Asleep at the wheel: the Prudential Regulation Authority & the Equity Release Sector
Professor of finance and economics at the University of Durham, Kevin Dowd, takes a critical look at the Equity Release Mortgage sector and finds something really quite worrying:
- There is a scandal brewing in the Equity Release Mortgage sector. This scandal is similar in nature to the Equitable Life scandal of nearly two decades ago – it involves the underestimation of opaque long-term guarantees – but on a larger scale.
- The guarantees at the heart of this problem are the No-Negative Equity Guarantees issued by lenders in the Equity Release market.
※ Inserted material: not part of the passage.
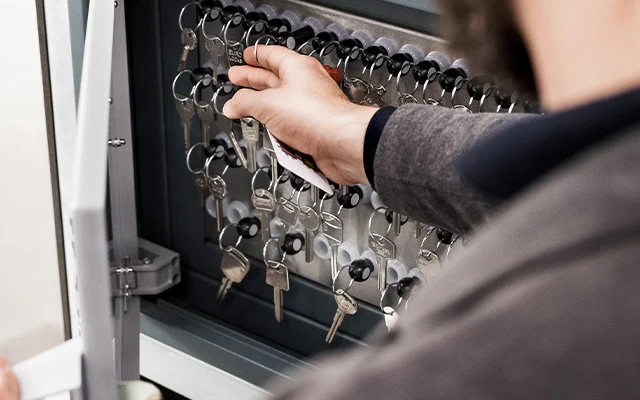 Schlüsselentnahme flexx Schlüsselentnahme aus flexx locker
These guarantee that the maximum repayment on Equity Release loans can be no greater than the property price at the time of repayment.
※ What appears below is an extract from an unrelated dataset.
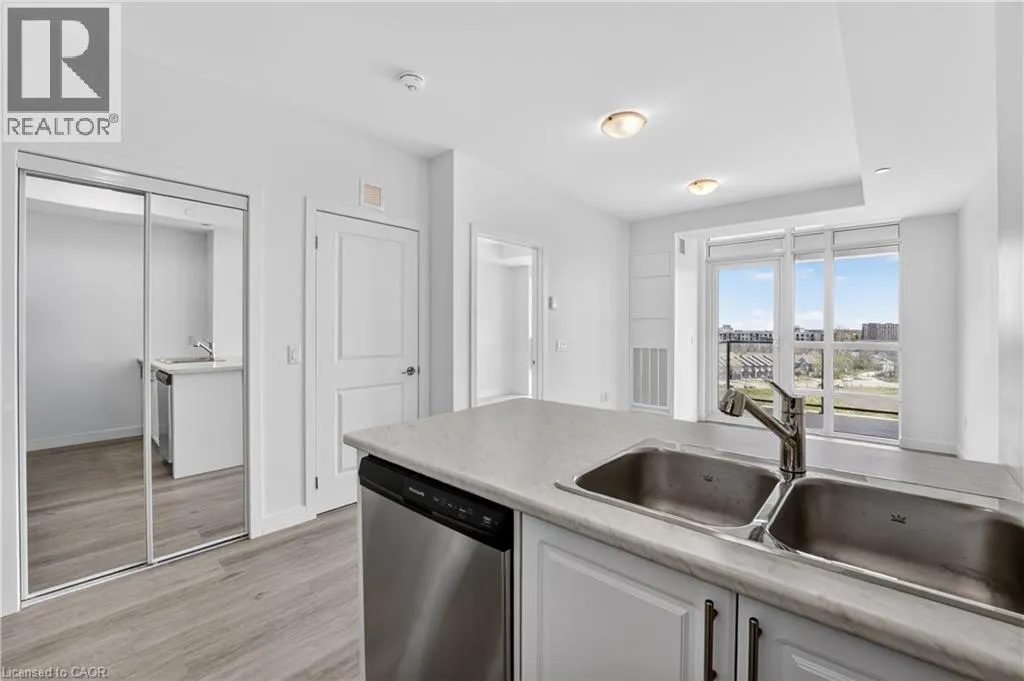 461 GREEN Road Unit# 809 #809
- This under-valuation problem is a ticking time bomb that could do serious damage to the financial health of the Equity Release sector.
- The regulator, the Prudential Regulation Authority, has made half-hearted efforts to address this under-valuation problem, but has for years failed to rein in firms that used inadequate valuation methods for their No Negative Equity Guarantees.
- A recent Treasury Committee investigation into the UK life industry missed these problems and unwisely set up the Equity Release sector as a poster child to be promoted.
- This Equity Release guarantee scandal raises far-reaching questions not just about the Equity Release sector, but also about the PRA’s supervision of it.